Renewable energy production will exacerbate mining threats to biodiversity

Renewable energy production is necessary to halt climate change and reverse associated biodiversity losses. However, generating the required technologies and infrastructure will drive an increase in the production of many metals, creating new mining threats for biodiversity.

Sonter, L.J., Dade, M.C., Watson, J.E.M. et al. Renewable energy production will exacerbate mining threats to biodiversity. Nat Commun 11, 4174 (2020)

Climate change poses serious threats to biodiversity. To keep temperature increases below 2 °C, and halt associated biodiversity losses, 140 nations committed to the Paris Climate Change Accord to reduce anthropogenic greenhouse gas emissions by 90% (from 2010 levels) and reach carbon neutrality by 2100.

Energy sector innovation is where most progress is achievable, but since renewable energies currently account for only 17% of global energy consumption, significant production increases must occur to phase out fossil fuel use. However, the production of renewable energies is also material-intensive—much more so than fossil fuels—meaning that future production will also escalate demand for many metals. It is unlikely that these new demands will be met by diverting use from other sectors or from recycling materials alone. When required commodities exist in biodiverse countries that lack strong resource governance, such as the world’s second largest untouched lithium reserve in Bolivia’s Salar de Uyuni salt pan—a biodiverse area currently untouched by mining—mining poses serious threats to species and ecosystems15.

This paper maps mining areas and assesses their spatial coincidence with biodiversity conservation sites and priorities. Mining potentially influences 50 million km2 of Earth’s land surface, with 8% coinciding with Protected Areas, 7% with Key Biodiversity Areas, and 16% with Remaining Wilderness.
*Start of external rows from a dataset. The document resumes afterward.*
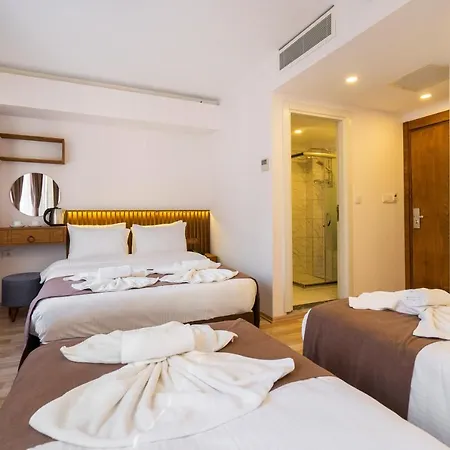 Hotel Castillo Rojo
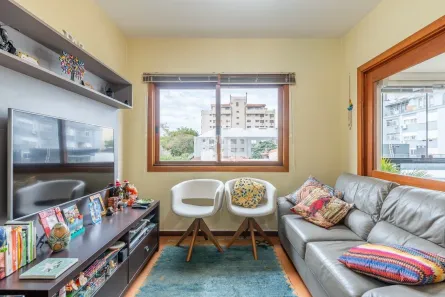 Apartamento com 3 Quartos à venda, 156m² no Petrópolis, Porto Alegre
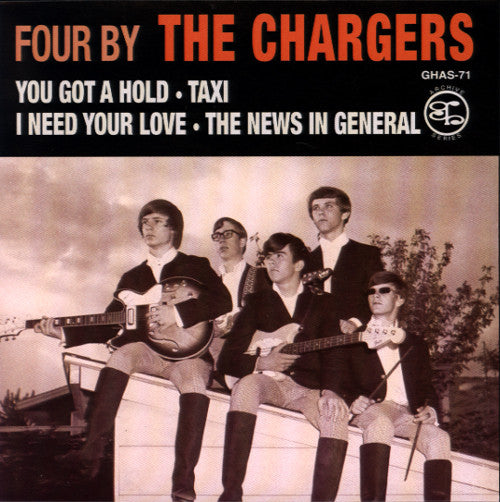 Four By The Chargers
Most mining areas (82%) target materials needed for renewable energy production, and areas that overlap with Protected Areas and Remaining Wilderness contain a greater density of mines (our indicator of threat severity) compared to the overlapping mining areas that target other materials.

Mining threats to biodiversity will increase as more mines target materials for renewable energy production and, without strategic planning, these new threats to biodiversity may surpass those averted by climate change mitigation.